В общем и целом, сегодня Чай из трилистника — реалия прошлого и существует только в прошлом. Поэтому вы должны вернуться в прошлое, для того чтобы вернуть будущее. А пока прощайте. Через три часа я к вам снова наведаюсь.
Селестин чинно поклонился и пятясь вышел за дверь, словно не желая терять нас из виду ни на йоту дольше, чем необходимо. В тот же миг появилась Береника.
80. ШАФРАННЫЙ
На ней была форма школы св. Димпны: белая блузка, зеленый, цвета трилистника, в шафрановую полоску галстук, белые гольфы, черные остроносые туфли, юбка цвета травы и, в тон ей, пиджак с эмблемой на кармане: св.
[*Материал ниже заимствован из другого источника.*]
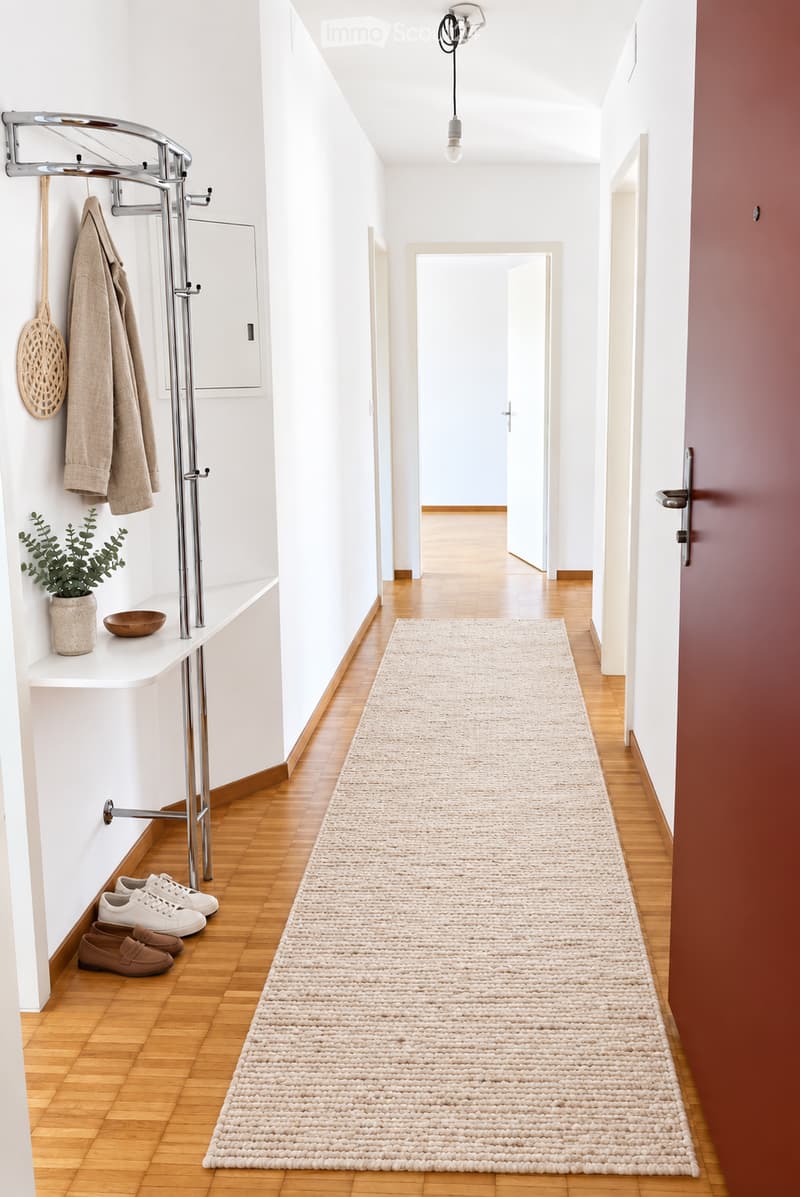 Modern hallway with wooden flooring, white walls, a long beige runner, coat rack with coats, shoes, small shelf with plant and bowl, and a hanging light fixture.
Димпна держит на цепи демона. Я подумал, что наряд ей идет; и вновь увидел, как зелены ее глаза, как черны, словно вороново крыло, ее волосы. Я расцеловал ее в обе щеки и представил Метерлинку, который сделал то же самое, очень по-бельгийски.
Рада познакомиться, сказала Береника. Я много о тебе слышала. Даже книгу про тебя прочитала — Синюю Книгу, так ведь? И еще читала книгу про братишку — Желтую. А я — Зеленая Книга. Из нас троих выходит цветная библиотечка, томами которой мы можем по желанию меняться. Мы можем составлять различные цвета спектра. Мы можем преодолеть гравитацию; порой мы одолеваем время. Когда мы вспоминаем прошлое, оно встает перед нами живо, в полном цвете. Мы упиваемся запахами прошлого.
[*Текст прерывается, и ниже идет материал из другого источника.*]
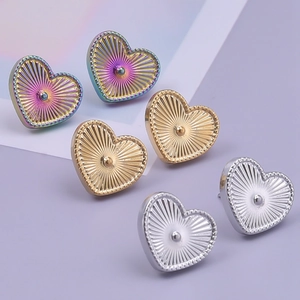 Detailed macro view of heart-shaped stainless steel earrings in gold, silver and rainbow finish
Я знаю это, потому что знаю больше вас. Знаю, потому что матьнастоятельница каждый день ставила меня на час перед Картиной. Помнишь, братишка — та картина ван Эйка, муж с женой, где мы с тобой раньше были? И я знаю, они хотят, чтобы мы вошли в Картину, ибо в Картине — сокровище, которого они жаждут, и они говорят, что оно даст всем, мужчинам и женщинам, свободу. И это сокровище, по-моему, Чай из трилистника. В каком виде или форме он существует, я не знаю. Может, он спрятан в тулье шляпы у мужчины, или в складках платья у женщины, или в косматой собачонке. Может быть, он в люстре, или в пламени свечи, которая там горит. А может, он вообще зеркало или в зеркале. Может, это резной лев или горгулья с двумя спинами. Но они хотят, чтобы мы его достали.